Uw verweer als belastingplichtige… dan toch maar privé een kleiner fototoestel aanschaffen en gebruiken. Het kost u aanvankelijk wel wat meer, maar je verdient het terug in belastingbesparing… althans in theorie. Want zelfs als je deze weg zou bewandelen, zal ongetwijfeld de controleur in vraag stellen dat je het toestel alsnog niet privé gebruikt. Je zal, teneinde discussie te vermijden, dus moeten ‘bewijzen’ dat je het bedrijfstoestel nooit privé gebruikt… en bijna onmogelijke taak en dus waarschijnlijk als gevolg toch nog een belastbaar privégebruik. Frustratie alom!

 

Een tweede voorbeeld… een onderneming gevestigd in een grootstad waarvan de zaakvoerder veelvuldig naar klanten moet. Alle fileperikelen in gedachte nemen, schaft hij zich een kleine scooter aan.
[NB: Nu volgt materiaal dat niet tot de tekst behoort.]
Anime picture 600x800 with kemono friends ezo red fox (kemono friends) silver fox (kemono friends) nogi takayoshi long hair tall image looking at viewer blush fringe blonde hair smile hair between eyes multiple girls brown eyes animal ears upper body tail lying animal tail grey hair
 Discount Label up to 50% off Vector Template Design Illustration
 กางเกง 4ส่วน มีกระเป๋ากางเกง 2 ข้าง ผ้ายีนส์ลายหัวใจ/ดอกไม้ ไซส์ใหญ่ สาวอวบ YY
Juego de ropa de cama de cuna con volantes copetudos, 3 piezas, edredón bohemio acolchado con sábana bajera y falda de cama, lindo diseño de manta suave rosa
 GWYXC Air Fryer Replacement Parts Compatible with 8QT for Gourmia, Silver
De scooter wordt niet voor woon-werkverkeer gebruikt; enkel voor klantenbezoek. Volgens correcte toepassing van de wet dus geen privégebruik! Groot probleem opnieuw de bewijslast… geen enkele controleur aanvaardt op basis van uw verklaring het 100% beroepsgebruik (“uw klant zal die scooter ook wel ‘ns tijdens het weekend gebruiken”). De klant probeert de controleur te slim af te zijn, en installeert een track-and-trace systeem op zijn scooter (kostprijs 700 eur/jaar – je moet al even afwegen of een onterechte kleine privébelasting misschien niet goedkoper is). Reactie van de controleur: “Mijnheer Cannaerts, dat kan wel zijn, maar je gaat nu toch niet zeggen dat uw klant niet af en toe al eens langs de winkel stopt tijdens zijn ritje naar klanten”.

 

Besluit: de fiscus begint het stilaan als een verworven recht te beschouwen om al die kosten in de schemerzone altijd als deels privé te aanschouwen en te belasten. Als accountant is het vaak een oeverloze discussie, en komt het erop aan ‘de schade te beperken’. Erg frustrerend… en voor de belastingplichtige vaak erg onrechtvaardig.